The emerging multicore era has brought many opportunities and challenges to systems research. Two of the challenges I have been focusing on are (i) how to provide detailed analysis of parallel programs and (ii) how to map computations in a parallel program to the underlying hardware in order to achieve the optimal performance.
For (i), we have developed the Pin dynamic instrumentation system, which has become very popular for writing architectural and program analysis tools. By inserting instrumentation codes on the fly, Pin can perform fine-grain monitoring of the architectural state of a program. As an example, I will discuss a parallel programming tool called Thread Checker which we built with Pin for detecting common parallel programming bugs like data races and deadlocks. I will also discuss the dynamic compilation techniques behind Pin. In addition, I will present an extension of Pin called PinOS, which performs whole-system instrumentation (i.e. including both OS and applications) by using virtualization techniques.

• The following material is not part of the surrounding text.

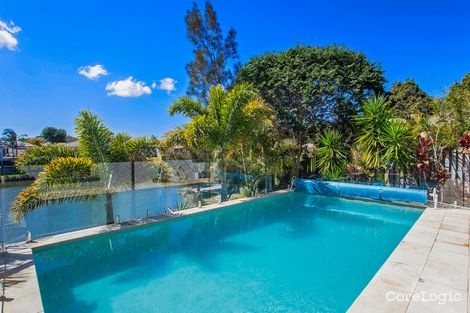 Property photo of 72 Harrier Drive Burleigh Waters QLD 4220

For (ii), I have developed the Qilin parallel programming system, which exploits the hardware parallelism available on machines with a multicore CPU and a GPU. Qilin provides a C++ API for writing data-parallel operations so that the compiler is alleviated from the difficult job of extracting parallelism from serial code. At runtime, the Qilin compiler automatically partitions these API calls into tasks and maps these tasks to the underlying hardware using an adaptive algorithm. Preliminary results show that our parallel system can achieve significant speedups (above 10x) over the serial case for some important computation kernels.
At the end, I will outline my future works in parallel programming, compilation, and virtualization.